Work instruction: Repeat exactly the lines of the records below, starting at the line containing "Lianail, гель-лак Creamy Factor №206, 10 мл" and ending at the line containing "明後日、開催です！！ ＼ この秋注目！短答4科目 無料体験✨ 公認". Leave the pictures out.

--- The data ---

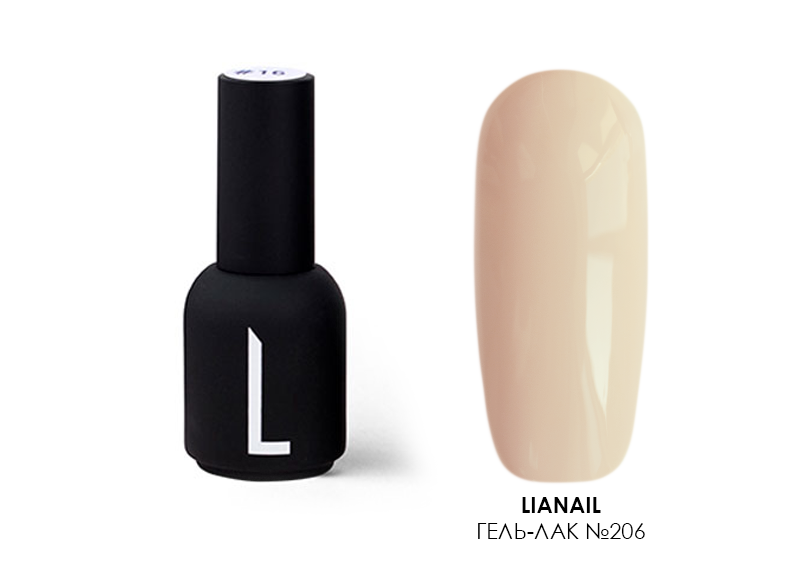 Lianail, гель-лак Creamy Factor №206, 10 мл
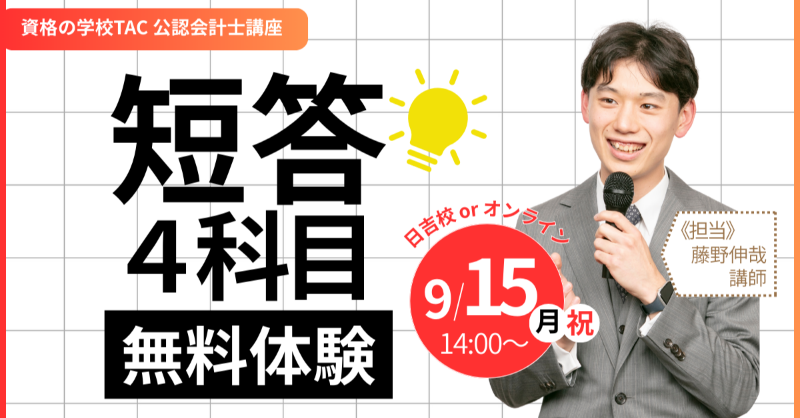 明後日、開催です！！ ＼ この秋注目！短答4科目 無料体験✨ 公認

---
--- The data ---

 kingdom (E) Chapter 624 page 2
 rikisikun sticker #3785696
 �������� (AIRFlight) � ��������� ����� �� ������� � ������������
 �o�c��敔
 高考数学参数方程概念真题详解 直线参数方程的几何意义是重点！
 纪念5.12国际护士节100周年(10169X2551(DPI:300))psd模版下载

---

Answer:
 Lianail, гель-лак Creamy Factor №206, 10 мл
 明後日、開催です！！ ＼ この秋注目！短答4科目 無料体験✨ 公認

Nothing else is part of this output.